Славянским мессианским народам мешала чувствовать себя избранными «сильная еврейская идея» (Достоевский), которая не позволяла воцариться славянским идеям в мире. «Положим, очень трудно узнать сорокавековую историю такого народа, как евреи; но на первый случай я уже то одно знаю, что наверно нет в целом мире другого народа, который бы столько жаловался на судьбу свою, поминутно, за каждым шагом и словом своим, на свое принижение, на свое страдание, на свое мученичество… не могу вполне поверить крикам евреев, что уж так они забиты, замучены и принижены. На мой взгляд, русский мужик, да и вообще русский простолюдин, несет тягостей, чуть ли не больше еврея» (Достоевский, 25, 77)[158]
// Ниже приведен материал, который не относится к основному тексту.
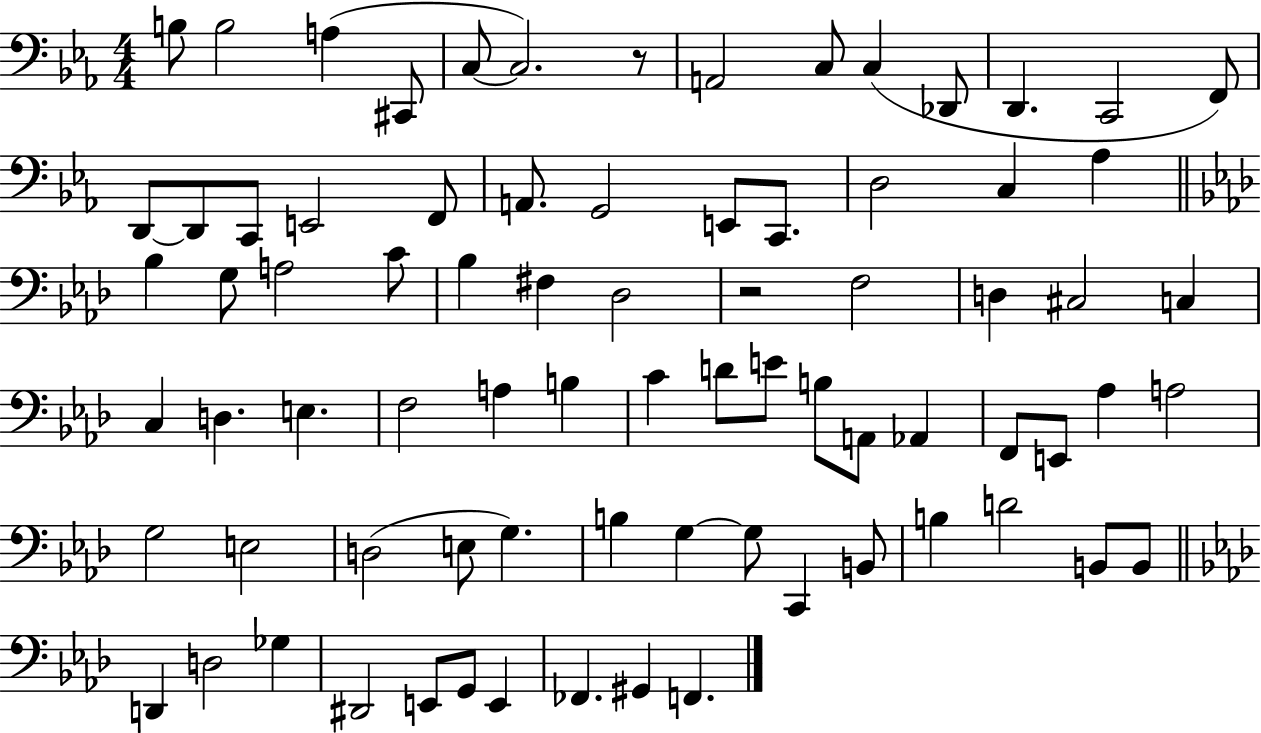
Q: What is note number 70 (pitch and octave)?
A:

.Достоевский не мог не знать, какой не простой была судьба евреев в его время. К «общим всем угнетенным нациям» тягостям, добавлялись еще и душевные тяготы, благодаря вполне конкретной дискриминации и бытовому антисемитизму; официальному признанию евреев людьми второго сорта (например, положение о черте оседлости, квотах при поступлении в школы, вузы или на работу и т. д.). Власть, толпа, а вслед за ними… и Достоевский
Но Достоевский в своем патриотическом чувстве, конечно, не мог даже вообразить себе степени той обреченной безропотности, с которой миллионы евреев приняли крестную муку погромов, гетто и трагедии Холокоста, терпя и страдая не меньше, чем русские, поляки, французы, татары или кто бы то ни был в тоталитарных лагерях в XX веке. Тоталитарные режимы на эту роль назначали попеременно практически все народы, нации и культуры, закончив полным «самоистреблением», если не мира, то своих собственных стран. Но именно фашистский режим «присвоил» себе «мессианский спор» богоизбранных народов и приговорил все «особые народы» к полному уничтожению[159]
.Аналогичную неприязнь писатель испытывал и к полякам. Поляки оказываются для русского национализма своего рода «евреями» в Европе. Не сочувствует великий русский писатель крикам боли, если они исходят от «ошельмованных народов», «мироедов», «спаивающих» русского или какого-нибудь прибалтийского пьяницу, и это притом, что великий писатель-психолог готов оправдать любого русского негодяя и преступника наличием «образа Божьего в душе».
Интересно, стал бы Достоевский в XX веке определять степень страданий и духовности русской «комиссарши Вавиловой» и телесную несдержанность, духовную страстность гроссмановского Хаима-брама Лейбовича Магазаника? И смог ли бы ответить на вопрос о том, у кого трагичнее звучит и тоскливее плачет скрипка: у маленького забитого еврея Ротшильда или бедного русского страдальца Якова Бронзы из чеховского рассказа «Скрипка Ротшильда»? Решился бы он сегодня выстроить «иерархию жизненных страданий» и терпеливость славянских и еврейских народов, переживших «Хрустальную ночь», Катынский расстрел, ГУЛАГ, нацистские гетто, Бабий Яр – все ужасы XX века?
Думаю, что сегодня он не написал бы следующих строк: «Наши оппоненты указывают, что евреи, напротив, бедны, повсеместно даже бедны, а в России особенно, что только самая верхушка евреев богата, банкиры и цари бирж, а из остальных евреев чуть ли не девять десятых их – буквально нищие, мечутся из-за куска хлеба, предлагают куртаж, ищут, где бы урвать копейку на хлеб.